MAROC
06/09/2019 14h:30 CET

Amnesty International demande la libération immédiate de la journaliste marocaine Hajar Raissouni

Pour l'ONG, c'est "une atteinte scandaleuse à sa vie privée".

Hajar Raissouni/Facebook
Hajar Raissouni

JUSTICE - Les soutiens à Hajar Raissouni se multiplient. Dans un communiqué publié ce vendredi 6 septembre, Amnesty International appelle les autorités marocaines à “libérer immédiatement et abandonner toutes les charges retenues” contre la journaliste d’Akhbar Al Yaoum, “accusée d’avoir avorté et d’avoir eu des relations sexuelles hors mariage”, a déclaré l’ONG dans un communiqué publié trois jours avant son procès, prévu le 9 septembre à Rabat.

“L’arrestation de Hajar Raissouni et de quatre autres personnes (son fiancé Amin Rifaat, le médecin, et deux autres personnes travaillant à la clinique, ndlr), est totalement injuste et ces allégations constituent une atteinte scandaleuse à sa vie privée”, a déclaré Heba Morayef, directrice régionale d’Amnesty International pour le Moyen-Orient et l’Afrique du Nord.

Rappelant que la loi marocaine pénalise les relations sexuelles hors mariage et l’avortement, l’ONG estime qu’en vertu du droit international, “les femmes ont droit à une autonomie physique et personnelle, qui comprend la liberté de prendre leurs propres décisions en matière de sexualité et de procréation”.

“La criminalisation de services de santé dont seules les femmes ont besoin, comme l’avortement, constitue une discrimination fondée sur le sexe”, estime Amnesty International. “Cette affaire est un rappel brutal de la nécessité urgente d’abroger les lois marocaines criminalisant les relations sexuelles hors mariage et l’avortement. Ces dispositions violent un certain nombre de droits des femmes, notamment les droits à l’autonomie physique et personnelle, à la non-discrimination, à la vie privée et à la santé”, a ajouté Heba Morayef.
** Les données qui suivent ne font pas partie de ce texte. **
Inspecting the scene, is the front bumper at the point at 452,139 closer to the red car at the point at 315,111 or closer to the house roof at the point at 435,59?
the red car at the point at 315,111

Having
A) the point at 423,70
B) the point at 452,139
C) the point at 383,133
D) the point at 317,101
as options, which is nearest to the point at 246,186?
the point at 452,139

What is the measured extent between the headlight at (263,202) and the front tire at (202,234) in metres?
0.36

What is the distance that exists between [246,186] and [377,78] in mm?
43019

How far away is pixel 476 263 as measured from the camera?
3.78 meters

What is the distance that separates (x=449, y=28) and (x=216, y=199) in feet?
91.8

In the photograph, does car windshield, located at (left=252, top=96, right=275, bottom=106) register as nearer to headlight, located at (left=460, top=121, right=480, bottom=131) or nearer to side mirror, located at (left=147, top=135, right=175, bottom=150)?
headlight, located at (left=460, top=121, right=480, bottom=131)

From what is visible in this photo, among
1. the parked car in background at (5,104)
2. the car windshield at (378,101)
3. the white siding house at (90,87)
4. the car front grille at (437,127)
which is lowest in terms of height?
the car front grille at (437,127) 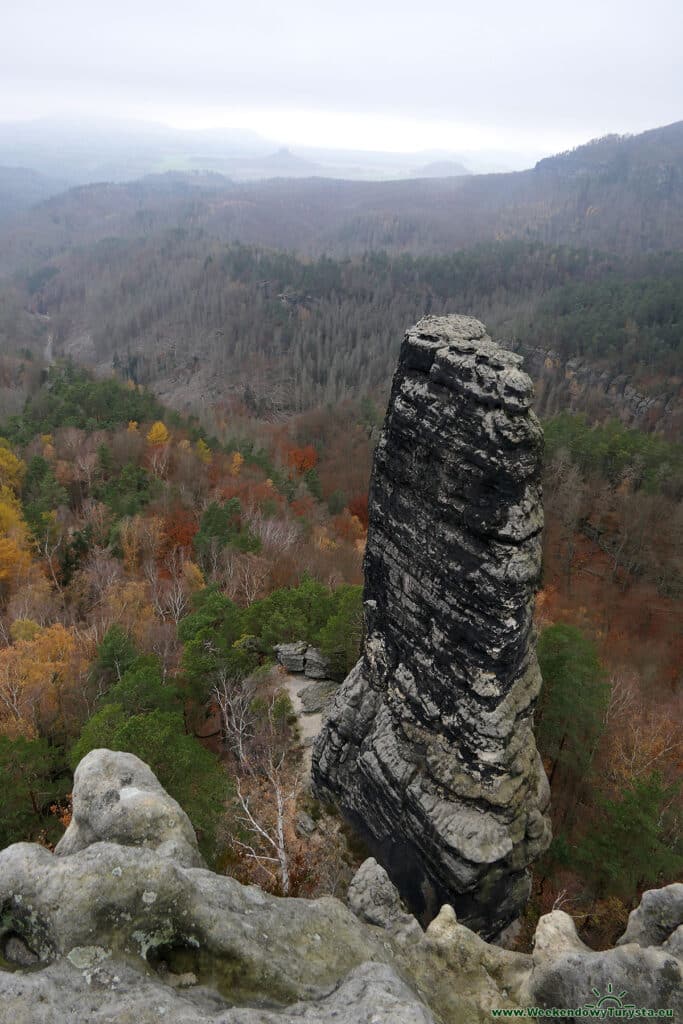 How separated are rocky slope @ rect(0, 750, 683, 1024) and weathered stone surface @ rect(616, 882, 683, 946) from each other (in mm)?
29

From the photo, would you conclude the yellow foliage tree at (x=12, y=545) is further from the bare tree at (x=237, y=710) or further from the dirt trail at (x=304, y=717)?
the dirt trail at (x=304, y=717)

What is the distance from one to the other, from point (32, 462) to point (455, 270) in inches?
6194

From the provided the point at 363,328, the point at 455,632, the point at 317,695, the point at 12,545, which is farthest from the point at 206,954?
the point at 363,328

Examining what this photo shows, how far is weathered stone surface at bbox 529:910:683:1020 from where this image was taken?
7355 mm

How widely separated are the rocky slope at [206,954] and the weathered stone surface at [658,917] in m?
0.03

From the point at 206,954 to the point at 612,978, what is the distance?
17.0ft

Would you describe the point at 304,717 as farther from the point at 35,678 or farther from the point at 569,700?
the point at 35,678

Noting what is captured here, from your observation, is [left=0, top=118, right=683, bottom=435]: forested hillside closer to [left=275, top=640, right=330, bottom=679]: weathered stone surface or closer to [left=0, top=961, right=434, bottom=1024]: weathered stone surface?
[left=275, top=640, right=330, bottom=679]: weathered stone surface

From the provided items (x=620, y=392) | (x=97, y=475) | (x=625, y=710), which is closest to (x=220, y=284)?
(x=620, y=392)

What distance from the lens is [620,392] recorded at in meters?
110

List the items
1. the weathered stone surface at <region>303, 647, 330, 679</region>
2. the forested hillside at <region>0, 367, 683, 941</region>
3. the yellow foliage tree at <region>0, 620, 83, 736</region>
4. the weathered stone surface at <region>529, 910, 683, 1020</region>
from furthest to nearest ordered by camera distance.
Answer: the yellow foliage tree at <region>0, 620, 83, 736</region>, the weathered stone surface at <region>303, 647, 330, 679</region>, the forested hillside at <region>0, 367, 683, 941</region>, the weathered stone surface at <region>529, 910, 683, 1020</region>

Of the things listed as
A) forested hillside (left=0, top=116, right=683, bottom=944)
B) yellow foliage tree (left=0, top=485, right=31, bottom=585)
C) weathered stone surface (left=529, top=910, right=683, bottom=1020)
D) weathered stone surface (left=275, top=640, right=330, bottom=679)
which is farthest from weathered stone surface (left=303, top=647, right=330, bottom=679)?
yellow foliage tree (left=0, top=485, right=31, bottom=585)

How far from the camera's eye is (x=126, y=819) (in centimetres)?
858

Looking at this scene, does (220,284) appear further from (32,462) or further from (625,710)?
(625,710) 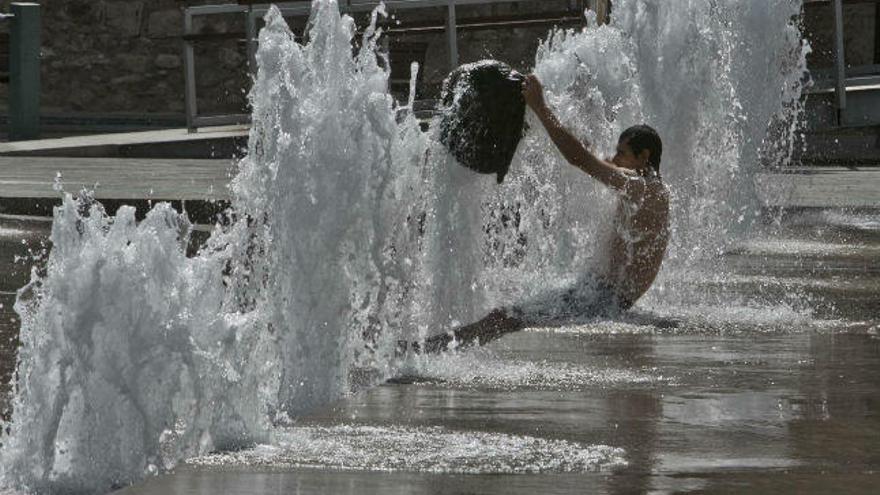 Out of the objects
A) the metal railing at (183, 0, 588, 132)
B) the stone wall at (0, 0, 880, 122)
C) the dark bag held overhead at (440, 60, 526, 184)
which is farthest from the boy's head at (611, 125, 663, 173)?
the stone wall at (0, 0, 880, 122)

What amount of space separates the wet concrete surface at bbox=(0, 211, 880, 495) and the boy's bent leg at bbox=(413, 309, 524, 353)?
105 millimetres

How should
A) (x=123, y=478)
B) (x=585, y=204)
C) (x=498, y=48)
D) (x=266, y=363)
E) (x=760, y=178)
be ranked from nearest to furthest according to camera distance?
(x=123, y=478)
(x=266, y=363)
(x=585, y=204)
(x=760, y=178)
(x=498, y=48)

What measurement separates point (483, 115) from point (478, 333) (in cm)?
81

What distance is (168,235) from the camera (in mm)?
5219

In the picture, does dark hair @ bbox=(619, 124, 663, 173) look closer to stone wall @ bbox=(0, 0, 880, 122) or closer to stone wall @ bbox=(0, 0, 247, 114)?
stone wall @ bbox=(0, 0, 880, 122)

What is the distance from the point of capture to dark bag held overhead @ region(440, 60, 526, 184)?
7.83 m

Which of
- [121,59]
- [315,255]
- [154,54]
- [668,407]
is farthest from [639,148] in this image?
[121,59]

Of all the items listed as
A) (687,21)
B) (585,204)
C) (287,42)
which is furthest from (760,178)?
(287,42)

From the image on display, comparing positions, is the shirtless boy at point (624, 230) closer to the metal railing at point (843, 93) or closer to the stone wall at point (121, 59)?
the metal railing at point (843, 93)

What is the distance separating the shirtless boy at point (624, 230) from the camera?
329 inches

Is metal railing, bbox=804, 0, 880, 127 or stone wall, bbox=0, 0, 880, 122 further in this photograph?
stone wall, bbox=0, 0, 880, 122

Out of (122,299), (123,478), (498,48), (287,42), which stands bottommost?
(123,478)

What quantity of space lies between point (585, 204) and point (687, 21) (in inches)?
85.7

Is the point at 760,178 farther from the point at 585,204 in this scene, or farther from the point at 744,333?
the point at 744,333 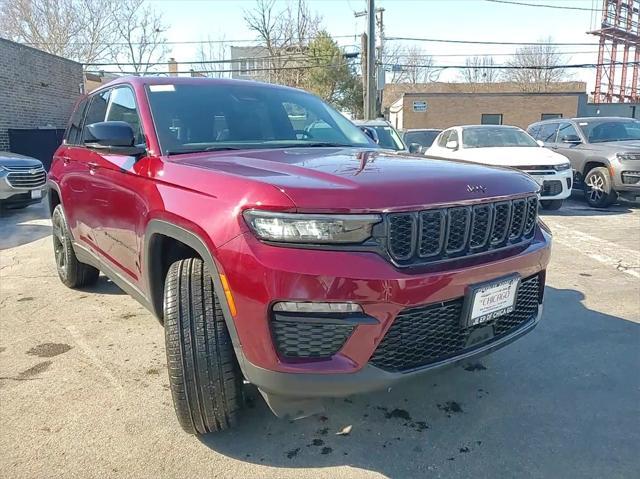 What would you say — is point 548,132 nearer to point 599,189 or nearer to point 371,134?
point 599,189

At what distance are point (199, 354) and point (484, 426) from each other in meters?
1.48

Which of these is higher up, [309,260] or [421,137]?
[421,137]

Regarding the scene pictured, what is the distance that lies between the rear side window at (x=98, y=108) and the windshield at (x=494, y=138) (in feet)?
24.0

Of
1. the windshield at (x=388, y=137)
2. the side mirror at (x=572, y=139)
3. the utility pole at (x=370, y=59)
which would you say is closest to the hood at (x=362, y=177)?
the windshield at (x=388, y=137)

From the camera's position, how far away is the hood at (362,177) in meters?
2.00

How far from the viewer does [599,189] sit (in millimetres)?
9922

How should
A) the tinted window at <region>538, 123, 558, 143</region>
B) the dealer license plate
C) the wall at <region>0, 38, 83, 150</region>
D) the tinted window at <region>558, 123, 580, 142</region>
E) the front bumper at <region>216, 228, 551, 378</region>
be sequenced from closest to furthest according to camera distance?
the front bumper at <region>216, 228, 551, 378</region>
the dealer license plate
the tinted window at <region>558, 123, 580, 142</region>
the tinted window at <region>538, 123, 558, 143</region>
the wall at <region>0, 38, 83, 150</region>

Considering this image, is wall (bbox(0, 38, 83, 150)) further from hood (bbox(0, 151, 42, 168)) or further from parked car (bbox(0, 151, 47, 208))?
parked car (bbox(0, 151, 47, 208))

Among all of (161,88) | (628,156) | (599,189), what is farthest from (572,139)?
(161,88)

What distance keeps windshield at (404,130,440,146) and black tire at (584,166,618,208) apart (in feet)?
21.7

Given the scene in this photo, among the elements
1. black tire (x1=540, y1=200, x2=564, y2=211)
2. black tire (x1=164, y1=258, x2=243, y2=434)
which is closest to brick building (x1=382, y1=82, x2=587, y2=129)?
black tire (x1=540, y1=200, x2=564, y2=211)

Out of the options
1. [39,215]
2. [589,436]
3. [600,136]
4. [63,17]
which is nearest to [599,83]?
[600,136]

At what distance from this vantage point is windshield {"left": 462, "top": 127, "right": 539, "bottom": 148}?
392 inches

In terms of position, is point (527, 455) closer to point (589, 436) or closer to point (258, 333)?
point (589, 436) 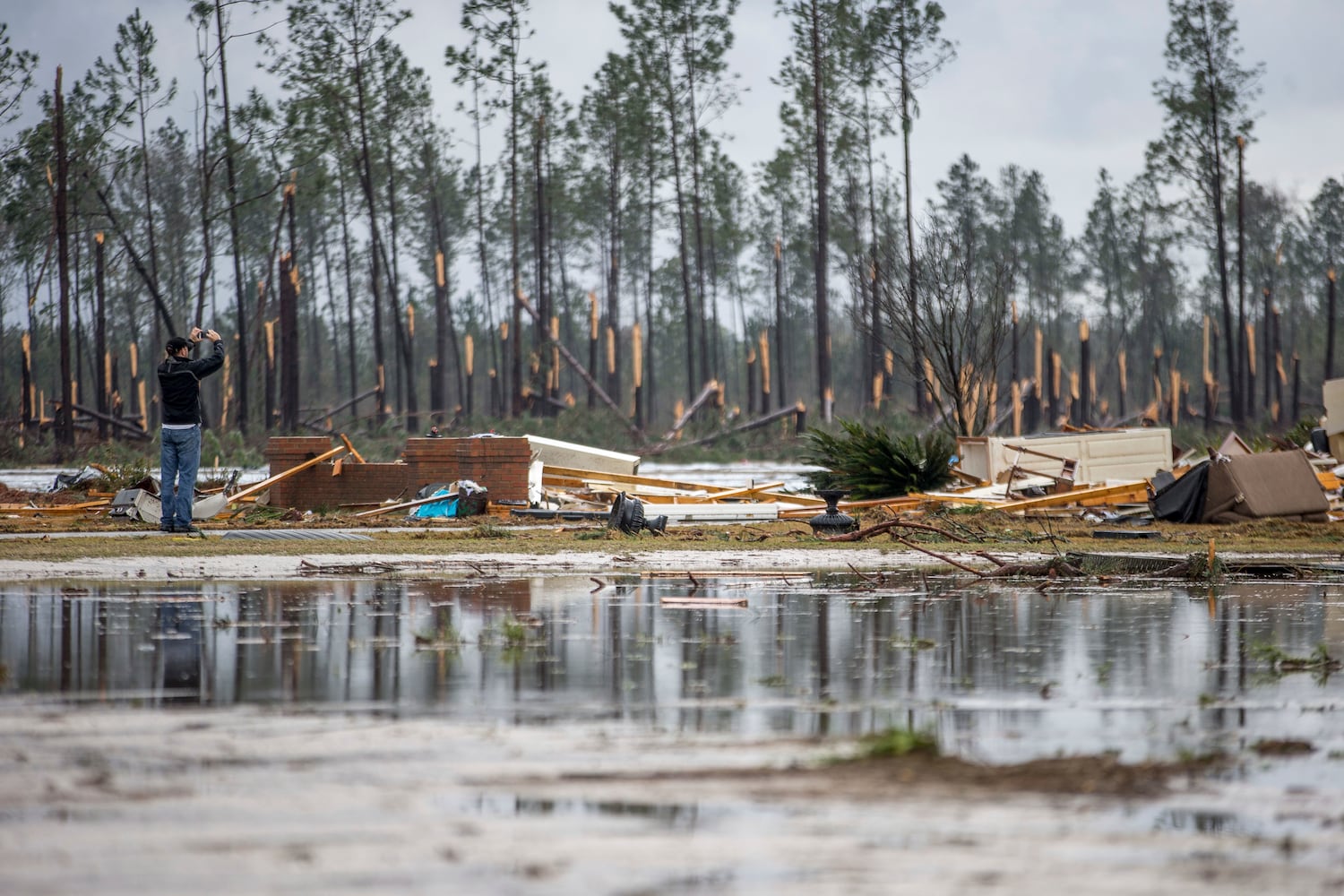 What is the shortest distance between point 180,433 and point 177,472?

“Au lieu d’intimider Hajar Raissouni en la poursuivant pour des accusations injustes, les autorités devraient la libérer immédiatement et sans condition et abandonner toutes les charges retenues contre elle et les autres personnes impliquées dans cette affaire”, continue-t-elle.

Jeudi 5 septembre, la défense de Hajar Raissouni, arrêtée le 31 août pour “avortement illégal” et “relations sexuelles hors mariage” alors qu’elle sortait du cabinet de son gynécologue à Rabat, a indiqué que la journaliste porterait plainte contre la police pour torture ”à la suite de l’examen médical forcé qu’elle a subi pour la forcer à avouer des actes qu’elle n’a pas commis”. 

Selon la jeune femme, son arrestation est avant tout “une affaire politique qui vise à la punir” d’avoir écrit plusieurs articles sur le Hirak du Rif - elle a interrogé le père du leader du mouvement de contestation Nasser Zefzafi à plusieurs reprises - et à intimider son oncle Soulaymane Raissouni, militant des droits de l’homme et journaliste d’Akhbar Al Yaoum.

Le procureur du roi près le tribunal de première instance de Rabat, devant lequel a comparu la journaliste lundi 2 septembre suite à son arrestation, a pour sa part nié le caractère politique de cette affaire. L’arrestation de la journaliste “n’a rien à voir avec sa profession”, a affirmé le procureur du roi dans un communiqué envoyé jeudi. “Elle est due à sa visite dans une clinique qui a été contrôlée principalement sur la base d’informations obtenues par la police judiciaire sur la pratique récurrente d’avortements”.